Gütig lächeln die Mitglieder der Familien Greder von Wartenfels und Stäffis-Mollondin, auf kunstvollen Gemälden verewigt, auf die Besucher herab, die in ihrem damaligen Landsitz ein- und ausgehen. Längst sind die Zeiten vorbei, als sie am Abend bei Kerzenlicht an Spieltischen sassen und ihr Geld verzockten. Von diesem Hobby übrig geblieben ist eine schöne kleine Spielkartensammlung, die im Archiv des Museums Blumenstein sorgfältig gehütet wird.

Die Sammlung rückte im Jahr 2011 wieder ins Zentrum, als sich der Hafen-Inspektor Yves Reynond aus Marseille, ein grosser Fan und Kenner alter Tarockkarten, an Konservator Erich Weber wandte und ihn darauf aufmerksam machte, dass es sich bei den Karten um das älteste bekannte und komplett erhaltene Tarock handelt.
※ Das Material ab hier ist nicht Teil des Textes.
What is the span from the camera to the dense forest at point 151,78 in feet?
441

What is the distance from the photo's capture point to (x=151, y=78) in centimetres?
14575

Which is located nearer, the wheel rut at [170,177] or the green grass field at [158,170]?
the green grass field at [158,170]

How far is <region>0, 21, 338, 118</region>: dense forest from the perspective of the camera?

In Solothurn war Tarock in

«Nachdem der Kontrolleur der grossen Ozeanschiffe in Solothurn zu Besuch war, um sich die Sammlung anzuschauen, war für mich sofort klar, dass ich mit diesen Karten etwas anfangen wollte», erzählte Erich Weber den zahlreich erschienenen Gästen an der Eröffnung der Ausstellung «Tarock im Barock». Dies umso mehr, als sich Reynond bereit erklärt hatte, von den Karten 25 Faksimiles herzustellen. Rasch erkannte Weber damals aber, dass die Karten allein nicht genügten, um eine spannende Ausstellung zu gestalten.

Im Rahmen eines Zivildiensteinsatzes im Blumenstein begab sich der Historiker Andreas Affolter ins Staatsarchiv, um mehr über das Kartenspiel in Solothurn zu erfahren. Dabei stellte sich heraus, dass in Solothurn im 18. Jahrhundert regelmässig Tarock gespielt wurde und der Biberister Bürger Franz Joseph Heri an der Schaalgasse 17 eine eigene Kartenproduktion betrieben hatte.

Originale dieser Karten sind im schweizerischen Nationalmuseum und während der bis zum 3. April 2016 dauernden Ausstellung nun in Solothurn zu sehen. Mehr zur Spielkartenfabrikation in Solothurn wird Andreas Affolter in einem Vortrag am 12. Januar erzählen.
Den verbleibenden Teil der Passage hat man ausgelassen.